Julia Werdigier reports in the New York Times:
Echoing a call by Warren E. Buffett, members of the European wealthy elite are urging their governments to raise their taxes or enact special levies to help reduce growing budget deficits.
Maurice Lévy, chairman and chief executive of the French advertising firm Publicis, on Tuesday became the latest European business leader to ask for higher taxes on top earners, writing in The Financial Times that it was “only fair that the most privileged members of our society should take up a heavier share of this national burden.”
“I am not a masochist; I do not love taxes,” wrote Mr. Lévy, who is also president of a French association of private enterprises. “But right now this is important and just.”
The moves come after a similar proposition by Mr. Buffett, the billionaire investor and founder of Berkshire Hathaway. Mr. Buffett wrote in an Op-Ed article in The New York Times on Aug. 14 that the United States should stop “coddling” the rich and raise the top income tax rate in an effort to reduce the deficit.
Mr. Buffett’s comments started a debate among some of Europe’s elite as to whether austerity measures in some countries were too punishing for the poor while sparing the rich.
The multimillionaire chairman of Ferrari, Luca di Montezemolo, backed Mr. Buffett’s idea in an interview with the Rome daily La Repubblica. “I am rich and I am ready to pay more taxes, for reasons of fairness and solidarity,” Mr. Montezemolo told the newspaper.
This month, 16 of France’s wealthiest people, including the chief executive of the energy giant Total and the L’Oréal heiress Liliane Bettencourt, signed a petition published in the magazine Le Nouvel Observateur urging the French government to tax them more.

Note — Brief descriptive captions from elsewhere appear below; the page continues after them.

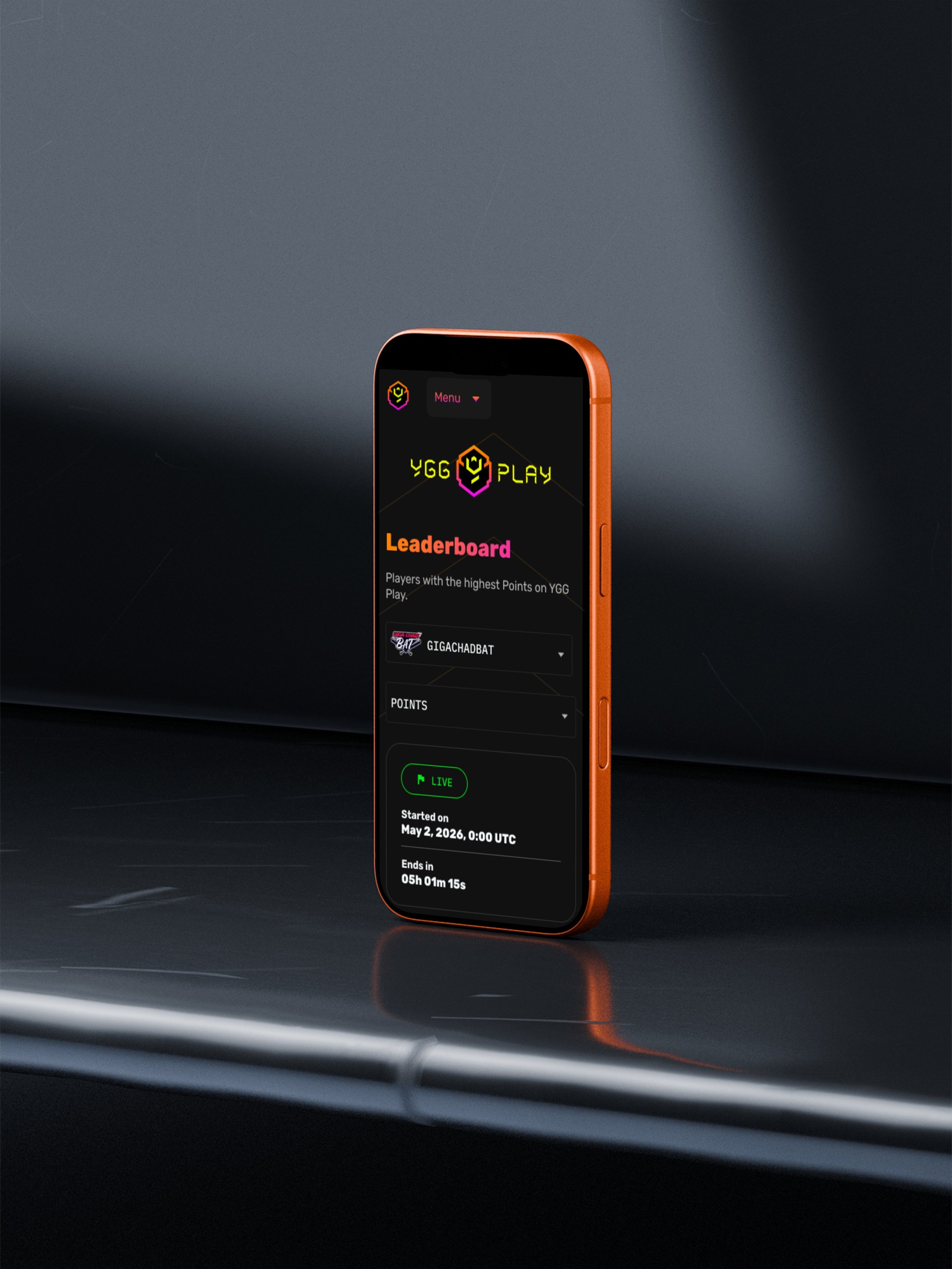 Close-up of a smartphone with an orange frame on a dark reflective surface, displaying a gaming app called YGG Play with a leaderboard, game start date, and timer, against a dark background with textured lighting.
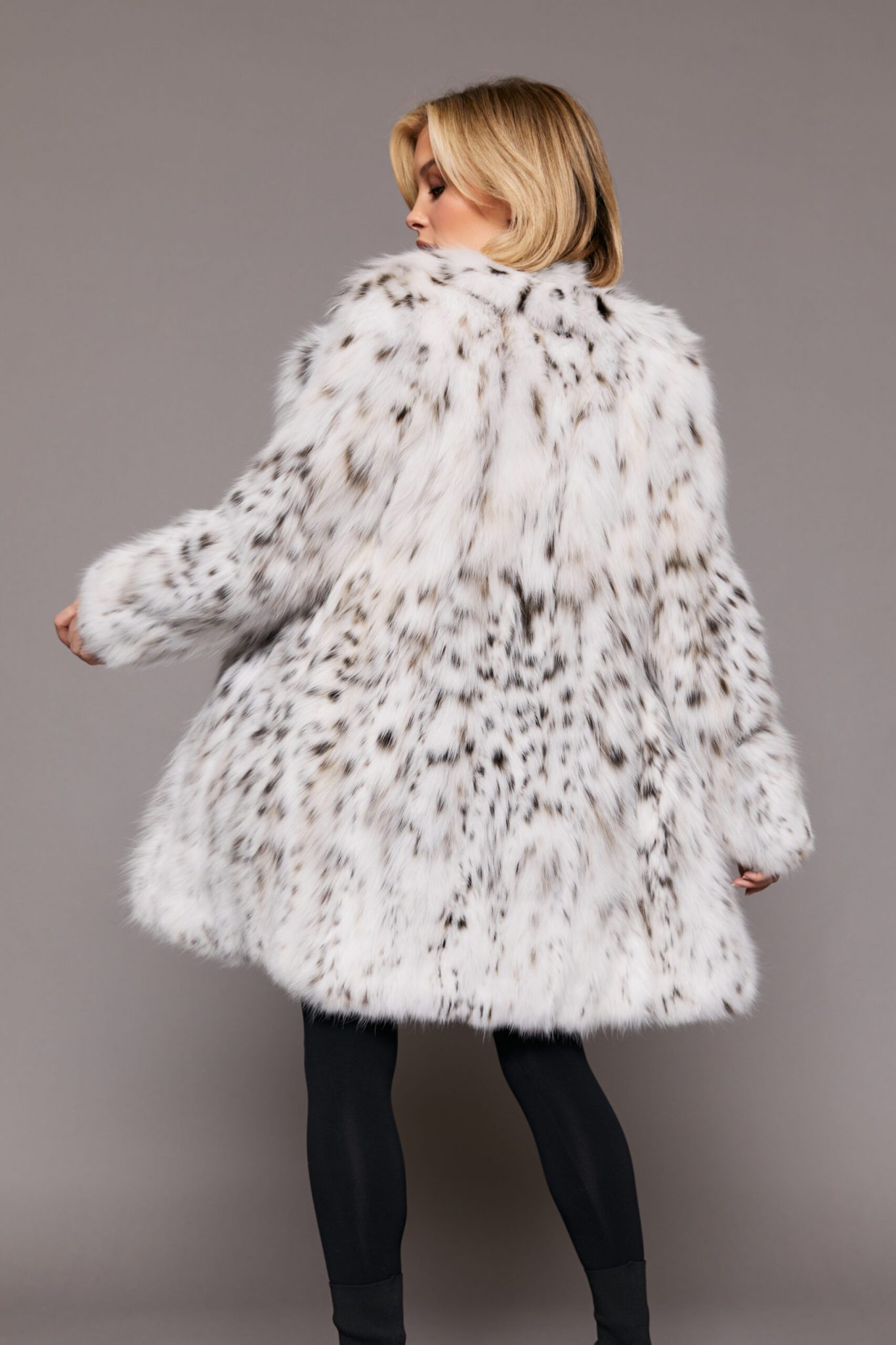Rear view of a woman wearing a white fur coat standing in front of a grey background. The woman's left hand is frozen in a movement to the left as it extends away from her body.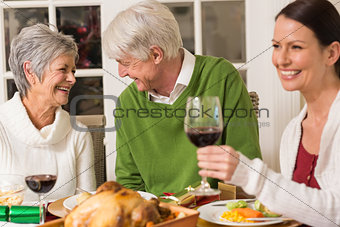 Senior couple laughing at christmas dinner
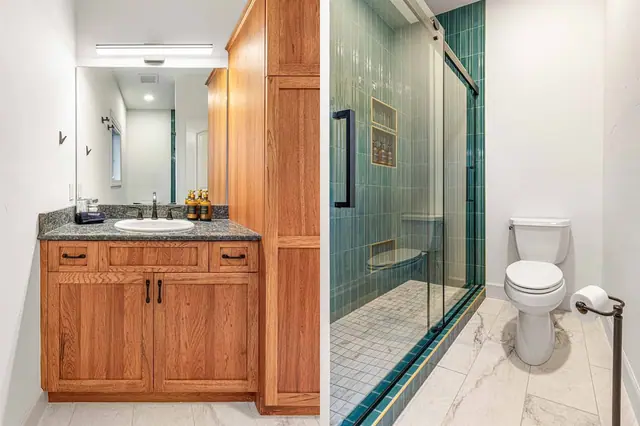 Split your morning routine between the vanity mirror and the glass shower stall in this ensuite.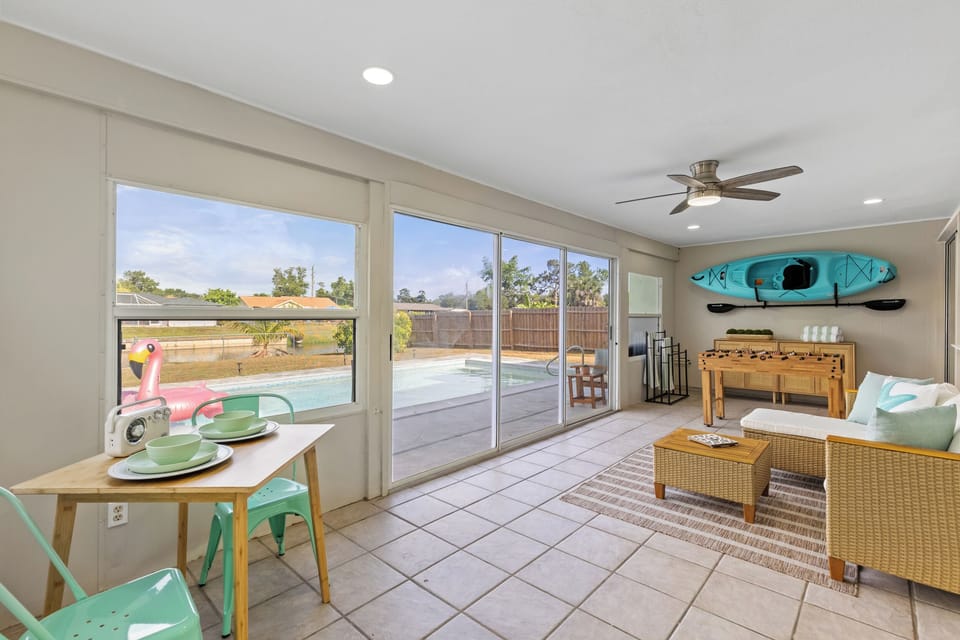 Sun room with pool view
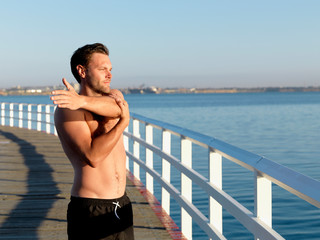 Swimmer stretching on boardwalk, Eastern Beach, Geelong, Victoria, Australia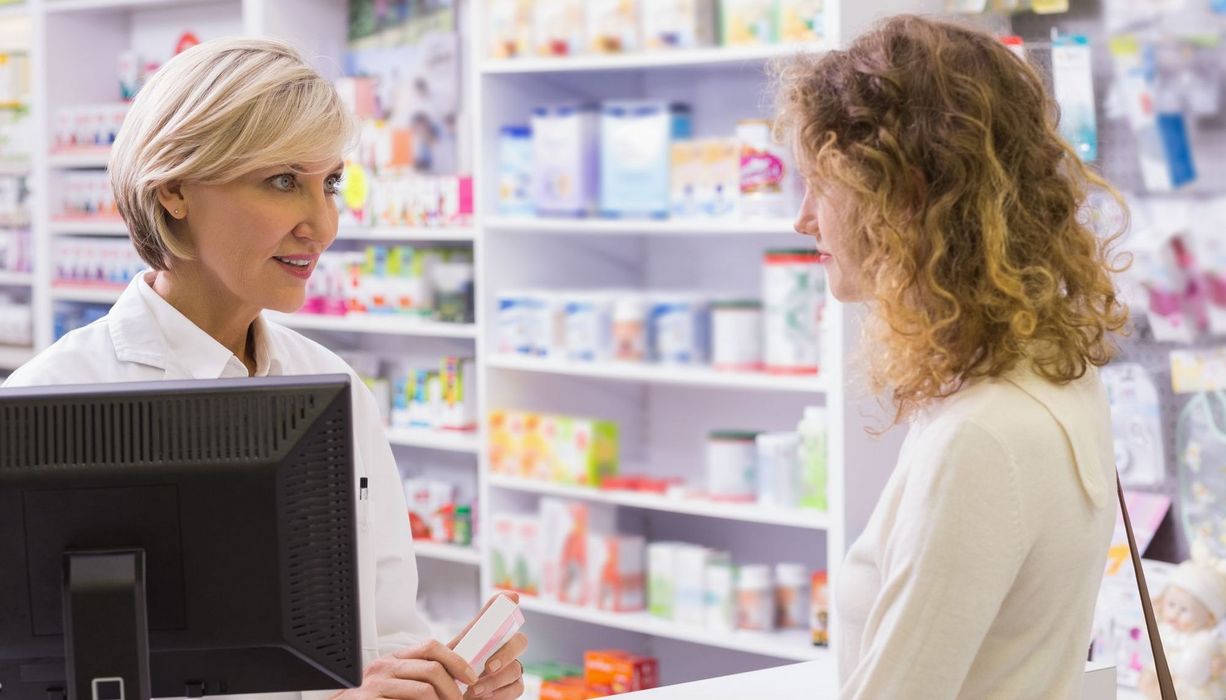 Junge Dame wird von Apothekerin beraten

Other signatories were the chief executives of Société Générale, Airbus and PSA Peugeot-Citroën.
A group of about 50 wealthy individuals in Germany, who have been campaigning for a higher top tax rate since 2009, said last week that it welcomed the French petition. “Austerity programs, which affect mainly the poor, are ill-suited to solve the crisis,” said the group, whose name in German means the Initiative of the Wealthy for a Wealth Tax.